I was spoiled in that way at my last job. With the exception of the first 3 years I was there I knew my bosses pretty well, worked in the same office with them every day, and was comfortable just having a conversation. I also knew that the compensation wouldn't even be cost of living and there was nowhere to be promoted unless I wanted management, so it really was just a formality.
Here I don't know if I'll get that pressure to transition into a different role, or be asked to take on extra duties, or have to deal more with politics. I have had jobs that wanted me to do all of these things, but in general, at work I'm already giving 110%. I don't have the physical energy or mental capacity to take on additional duties, and negotiations with vendors go about as well as my efforts to negotiate salary, which is to say not well at all.
In short, I suck at politics and management responsibilities, and all I really want are the resources to do my existing job well.

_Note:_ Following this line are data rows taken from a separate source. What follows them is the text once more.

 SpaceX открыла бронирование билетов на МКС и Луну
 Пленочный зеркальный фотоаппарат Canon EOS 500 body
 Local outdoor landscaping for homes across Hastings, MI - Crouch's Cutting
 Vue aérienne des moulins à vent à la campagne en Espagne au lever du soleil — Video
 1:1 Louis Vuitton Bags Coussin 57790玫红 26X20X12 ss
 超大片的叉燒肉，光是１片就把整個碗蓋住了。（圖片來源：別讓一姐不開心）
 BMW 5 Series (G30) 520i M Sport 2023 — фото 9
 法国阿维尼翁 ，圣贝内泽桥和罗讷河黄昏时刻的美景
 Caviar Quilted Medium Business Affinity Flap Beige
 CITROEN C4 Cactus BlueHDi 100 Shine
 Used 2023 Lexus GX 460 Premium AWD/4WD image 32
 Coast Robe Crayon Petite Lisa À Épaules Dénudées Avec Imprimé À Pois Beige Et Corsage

I already learn something new every day, and have expanded my skills (IMO) rather impressively in the eight short months I've been there, especially with Bloomberg, and have managed even the busiest days without putting in more than 3 hours of overtime. I (again IMO) have integrated with the department; they all know me, I'm always on camera on calls, and they know I'm always willing to share my knowledge or walk them through things they're not familiar with. I also lean on and learn from them in the same way.
I don't see my lack of ambition as a fault, I view it as an acceptance of what I'm comfortable and not comfortable with, and placing priorities on preserving my own sanity and reducing my anxiety. I wish the rest of the world saw it that way, but in capitalism it's seen as weakness. If so? Ok, I'm weak. But I refuse to put myself in the position again where stress is ruining my health just to follow the corporate philosophy of ambition above all else. I hope my boss understands that, and that this conversation goes well. Until then: deep breaths.